「生きたとして、なにをしたいかわからない。」
「そう。」
リンクの会話でもわかる。
アキトはまったくどうしていいのかわからない。この先自分がどうやって生きていけばいいのか、わたしがどうして欲しいのか。
過去の世界に来たのは、理解している。
わたしが教えてあげたネットワークのアクセス方法で、現在の世界情勢をアキトは理解している。

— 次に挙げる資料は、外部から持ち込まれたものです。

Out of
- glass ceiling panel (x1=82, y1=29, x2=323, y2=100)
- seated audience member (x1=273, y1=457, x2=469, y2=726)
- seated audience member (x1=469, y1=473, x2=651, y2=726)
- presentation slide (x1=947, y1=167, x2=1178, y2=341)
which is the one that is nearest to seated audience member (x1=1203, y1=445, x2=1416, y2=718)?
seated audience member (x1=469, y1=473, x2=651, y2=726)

「アキト。わたしは、アキトに生きて欲しいだけ。一緒に居て欲しい。一緒に生活したい。」
如何すればいいのかわからない状況で、わたしはわたしの願いを伝えるしか、生きてもらうための言葉を持たない。
気持ちを伝えるというのは、恥ずかしいものだ。
衝動的な感情で脳内麻薬を分泌させながら言うのも良い。
だけど、まったくの理性から発する言葉に熱は伝わりにくい。
その考えから行けば、わたしの伝えるに、力はあまりないかもしれない。
「結婚とか、恋愛とかの心は一緒に居たいだと思う。わたしも一緒。物欲とか肉欲とか、さびしいとかいろいろひっくるめて。
一緒に居たい。
それがわたしのお願い。」
ポッドの中のアキトはぼろぼろだ。
体組織がチューリップクリスタルに変化している。
これは、イネスの施した肉体の劣化を固定させるための施術の結果だ。
肌色の皮膚がひび割れて、内部の体組織が見えるはずの割れ目から、青の色が見える。
人間から外れた外見だ。
劣化防止のためだが、これはやりすぎだという状態だ。
「アキト、肉体構成の情報はもう大丈夫な状態になっている。それに、実験も終わっているわ。」
情報伝達を行う。今までの情報収集と理論の概要だ。これらはジャンプの肉体構成メカニズムと、人体へと改変を及ぼすための入力方法。そして、人体実験を行った結果を。
「人体実験をしたのか。」
「レポートは完璧。実験体はジャンパーじゃないけど、A級ジャンパーの外部入力で実験をした。成功している。」
処理を展開する。秘められていた力だ。
外部ネットワークに接続。現在の社会情勢や、ネルガルなどの経済変動。政府が管理する市民情報や、イネスが進めているユーチャリス追加ユニットのデータ。全てが防護壁など、侵入者を阻む領域に置かれた情報だ。
そして、わたしの瞳と額のみにナノマシンの光が現れる。
「わかる?」
息をのむようなことはない。ただ、アキトはそれがどうしようもなく過ぎ去ったことであると知った。わたしの閉じていた領域が解放されて、記憶すらアキトは得た。
「実験を受けたのはわたし。マシンチャイルドの頂点に立つ効率化と、肉体の強化。外見や意識などには変化はなく、神経組織などの再構成で、運動面の強化に漸く適応してきている。」
「イネスは、つらかったな。自分からやることのない実験だ。処理能力を上げる必要もない。」
記憶のイネスは、わたしに対して申し訳なさそうだった。
エリナには、このことは言っていなかった。
ユーチャリスを横目に彼女と会ったとき。アキトと会話を続けている最中に、後ろで控えていたわたしは、身体の噛みあいが不完全に、ぎりぎりの直立を維持していた。
「アキト、やる?」
「ああ、やろう。夢はないし、未来も見えない。仕事をしなくても生きてゆける。困ったもんだ。でも、時間があればこその困っただ。見つけるためには時間が必要だ。」
やっとで説得できた。これで、やっとアキトの身体を直せる。
まず施術を受けるというので、わたしは安心した。
・・・
いいもわるいもリモコン次第。悪いのは外部の悪を書かないからかもしれない。